第2章 家族の絆ー中編ー
炭治郎とも無事合流し、てる子と清を連れて外へ出るよう伝えた。
「桜さんは外へ出ないんですか?」と聞かれたが、まだ鼓屋敷には鬼の気配がするので、殲滅してから外に出ると伝え、別行動をとった。
最初一緒に付いてこようとしていたが、怪我をしているので外に出るよう指示したら従ってくれた。
「炭治郎くん、二人を無事に外へ連れ出すのも任務だからね」
ちゃんと守ってね、と伝えると、「分かりました!」と元気の良い返事が返ってきた。
そんな炭治郎の羽織を後ろにいたてる子がツンツンと引っ張ると、目をキラキラさせて言った。

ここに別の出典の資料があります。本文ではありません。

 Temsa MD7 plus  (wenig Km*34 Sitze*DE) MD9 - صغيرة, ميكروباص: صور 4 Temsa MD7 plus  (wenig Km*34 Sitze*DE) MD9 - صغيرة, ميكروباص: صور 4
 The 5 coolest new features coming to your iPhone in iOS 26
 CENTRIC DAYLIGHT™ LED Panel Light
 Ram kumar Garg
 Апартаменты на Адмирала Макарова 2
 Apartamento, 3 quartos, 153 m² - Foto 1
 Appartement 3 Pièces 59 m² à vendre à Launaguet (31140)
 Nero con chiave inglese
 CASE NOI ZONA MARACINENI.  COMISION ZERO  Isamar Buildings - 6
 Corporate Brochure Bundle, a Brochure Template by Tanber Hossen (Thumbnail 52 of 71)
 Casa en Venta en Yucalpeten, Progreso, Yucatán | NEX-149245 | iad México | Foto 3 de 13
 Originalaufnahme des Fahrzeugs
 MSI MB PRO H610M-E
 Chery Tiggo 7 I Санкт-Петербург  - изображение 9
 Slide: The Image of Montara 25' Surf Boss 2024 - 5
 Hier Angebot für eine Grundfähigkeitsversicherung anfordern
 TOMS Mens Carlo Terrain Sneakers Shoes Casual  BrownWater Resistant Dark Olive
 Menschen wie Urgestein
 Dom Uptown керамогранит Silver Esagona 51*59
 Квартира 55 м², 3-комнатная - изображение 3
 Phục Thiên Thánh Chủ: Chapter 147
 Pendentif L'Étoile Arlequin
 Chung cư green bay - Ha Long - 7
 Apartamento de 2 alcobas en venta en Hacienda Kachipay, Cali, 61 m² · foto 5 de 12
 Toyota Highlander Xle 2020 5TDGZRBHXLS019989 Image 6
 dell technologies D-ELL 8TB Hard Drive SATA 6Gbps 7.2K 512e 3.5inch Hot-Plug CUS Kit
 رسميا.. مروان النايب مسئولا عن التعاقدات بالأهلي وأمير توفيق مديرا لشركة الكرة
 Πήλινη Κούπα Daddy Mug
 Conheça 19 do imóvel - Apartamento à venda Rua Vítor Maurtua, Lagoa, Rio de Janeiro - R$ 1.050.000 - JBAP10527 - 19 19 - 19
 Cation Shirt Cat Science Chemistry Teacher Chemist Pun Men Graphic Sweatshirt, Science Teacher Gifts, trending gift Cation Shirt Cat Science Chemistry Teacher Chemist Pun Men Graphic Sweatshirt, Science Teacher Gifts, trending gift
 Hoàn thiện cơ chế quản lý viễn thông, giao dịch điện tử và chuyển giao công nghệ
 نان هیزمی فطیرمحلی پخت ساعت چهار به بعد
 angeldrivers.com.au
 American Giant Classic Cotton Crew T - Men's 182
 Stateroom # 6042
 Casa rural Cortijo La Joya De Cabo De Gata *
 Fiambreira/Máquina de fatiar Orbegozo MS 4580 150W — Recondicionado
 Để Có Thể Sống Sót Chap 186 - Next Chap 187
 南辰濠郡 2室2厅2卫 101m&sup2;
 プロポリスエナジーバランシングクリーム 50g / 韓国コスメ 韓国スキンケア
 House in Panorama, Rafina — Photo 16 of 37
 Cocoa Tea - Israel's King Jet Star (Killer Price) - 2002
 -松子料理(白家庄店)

「あのね、お姉ちゃんすごいんだよ。さっき鬼が襲ってきたんだけど、あっという間に倒しちゃったの!それにね、キラキラ光ってたの。綺麗だったのよ」
「ねー、清兄ちゃん!」と言うと、「うん。本当にすごかった」とてる子ほどではないものの、少し興奮していた。
「へえ…、俺も見たかったなぁ」
と、そんな話をしてすぐに別れた。
元々この屋敷は鼓の鬼の家なのだろうが、場所が場所なだけに色々な鬼が住み着いてしまったのだろう。
「あなたで最後みたいですね」
「鬼狩り…!」
桜の姿を見た瞬間、鬼は反対方向に逃げ出した。
「あらあら…逃げなくても良いじゃないですか」
トン、と鬼の目の前に降り立つと、鬼は驚いた表情をして後ずさる。
「な、なんで目の前に……」
「ふふふ、私、こう見えて鬼殺隊の中でも足の速さはピカイチなんです」
にっこり笑って刀を構える。
「光の呼吸 壱ノ型 電光石火」
鬼は逃げる間もなく頸を斬られて消えていった。
「……さようなら、鬼さん」
鬼を殲滅して外に出ると、異様な光景が広がっていた。
泡を吹いて倒れている猪頭少年。何故?と炭治郎の方を見れば、彼の額が赤かった。犯人はお前か。
「桜さん、無事だったんですねぇ!」
周りに花を飛ばしながら走ってくる善逸を反射的に避けた。桜に抱きつこうとしていたため、バランスを崩して地面とお友達になったようだ。
「なんで避けるんですかぁ…」
「……人をケツで突き飛ばしといて何を言っているの?」
「ひっ!あ、あれは、あれはその…すみませぇぇぇん!!」
汚い高音が周囲に響いた。
……まぁ、突き飛ばされてなくても避けていたのだが。